Der Wind kann auch aus der Ferne gemessen werden, sowohl mit bodengestützten als auch mit luftgestützten Instrumenten. Das bodengestützte Doppler-Radar kann den Ozeanwind anhand der ein- und ausgehenden Radialgeschwindigkeiten von Niederschlag aus Stürmen in unmittelbarer Nähe der Radarstation messen; die Reichweite ist aufgrund der Signaldämpfung in der Regel auf mehrere hundert Kilometer begrenzt.

Luftgestützte oder satellitengestützte Messungen des Ozeanwindes können sowohl mit aktiven (Radar-Scatterometer) als auch mit passiven (Radiometer) Mikrowelleninstrumenten durchgeführt werden, wobei eine globale Abdeckung über den eisfreien Ozeanen mehrmals am Tag erreicht wird. Das Mikrowellenfrequenzband wird aufgrund seiner Fähigkeit, Wolken und Niederschlag zu durchdringen, und seiner Empfindlichkeit gegenüber der Rauigkeit der Meeresoberfläche bevorzugt. Die Meeresoberfläche reagiert schnell auf die Bewegung der darüber befindlichen Luft, was zu einem ausgeprägten Rauigkeitsmuster führt, das von der relativen Geschwindigkeit und Richtung des Windes in Bezug auf die Meeresoberfläche abhängt. Die Rauheit der Meeresoberfläche führt zu einer spezifischen "Helligkeit", die nur mit passiven Mikrowellenradiometern beobachtet werden kann. Aktive Mikrowelleninstrumente sind auch in der Lage, die Windrichtung zu bestimmen. Mikrowellenmessungen sind in Regionen mit starkem Regen und in Küstennähe ungenau.
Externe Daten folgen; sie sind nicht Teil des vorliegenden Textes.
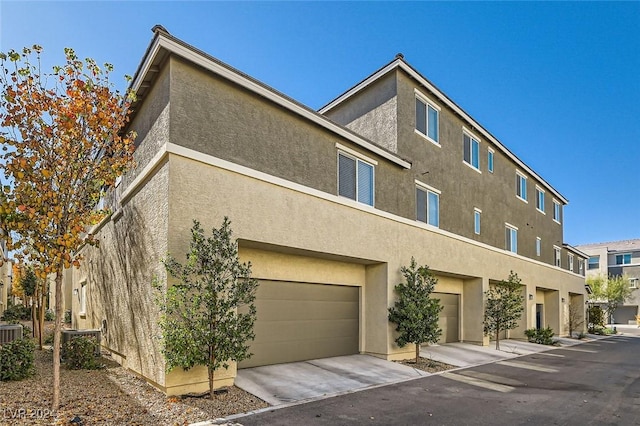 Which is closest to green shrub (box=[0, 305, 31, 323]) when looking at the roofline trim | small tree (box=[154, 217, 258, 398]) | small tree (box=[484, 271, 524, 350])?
the roofline trim

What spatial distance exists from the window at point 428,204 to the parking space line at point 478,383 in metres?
6.06

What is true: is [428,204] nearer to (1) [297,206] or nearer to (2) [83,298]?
(1) [297,206]

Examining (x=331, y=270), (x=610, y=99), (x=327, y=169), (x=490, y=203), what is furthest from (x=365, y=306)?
(x=610, y=99)

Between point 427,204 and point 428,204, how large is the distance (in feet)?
0.28

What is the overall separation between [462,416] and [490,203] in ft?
52.5

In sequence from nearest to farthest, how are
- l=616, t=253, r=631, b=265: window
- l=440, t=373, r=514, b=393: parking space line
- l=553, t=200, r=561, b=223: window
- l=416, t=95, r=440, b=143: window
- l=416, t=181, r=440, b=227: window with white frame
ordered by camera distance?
1. l=440, t=373, r=514, b=393: parking space line
2. l=416, t=181, r=440, b=227: window with white frame
3. l=416, t=95, r=440, b=143: window
4. l=553, t=200, r=561, b=223: window
5. l=616, t=253, r=631, b=265: window

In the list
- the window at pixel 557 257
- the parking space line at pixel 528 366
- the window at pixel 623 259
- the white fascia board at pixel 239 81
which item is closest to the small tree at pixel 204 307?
the white fascia board at pixel 239 81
Mit der richtigen Kombination aus spezifischen Mikrowellenwellenlängen und Verarbeitungsalgorithmen kann die Helligkeit der Meeresoberfläche genau in eine oberflächennahe Windgeschwindigkeit übersetzt werden.

Spezifische Mikrowellenwellenlängen sind empfindlich für die so genannte Bragg-Streuung, die ein Merkmal der zentimetergroßen Meeresoberflächenwellen ist, die als Kapillarwellen bekannt sind. Kapillarwellen werden direkt durch Veränderungen der Winde an der Oberfläche beeinflusst, so dass speziell abgestimmte Bordradare diese Veränderungen beobachten können. Diese luftgestützten Radargeräte senden Mikrowellenimpulse an die Meeresoberfläche, die einen Teil der reflektierten Energie sofort zum Radargerät zurückstreut. Sobald der Radarquerschnitt normalisiert ist, kann die oberflächennahe Windgeschwindigkeit als Funktion der rückgestreuten Energie berechnet werden. Im Gegensatz zu passiven Mikrowellenradiometern kann das aktive Radarsystem Messungen aus verschiedenen Azimutwinkeln kombinieren, um die ungefähre Richtung des Windes zu bestimmen. Aufgrund der Abhängigkeit vom Prinzip der Bragg-Streuung werden diese Radartypen unter der Bezeichnung Scatterometer zusammengefasst.

Die gegenwärtigen meteorologischen Modelle scheitern oft bei der Vorhersage der Entwicklung von Stürmen bei Extremwetterereignissen. Das liegt an der mangelnden Verfügbarkeit zeitlich und räumlich hochaufgelöster Beobachtungsdaten für die operationellen Datenassimilationssysteme und auch an fehlenden Echtzeitdaten aus dem inneren Kern von Wirbelstürmen. Mit der GNSS-Scatterometrie, einem Teilgebiet der GNSS-Reflektometrie (GNSS-R), kann diese Lücke im gegenwärtigen Beobachtungssystem potentiell geschlossen werden. Im Gegensatz zu anderen satellitenbasierten Winddaten (Scatterometern) sind die GNSS-Reflektometriedaten kaum von dem starkem Niederschlag beeinflusst, der parallel zu den Wirbelstürmen auftritt.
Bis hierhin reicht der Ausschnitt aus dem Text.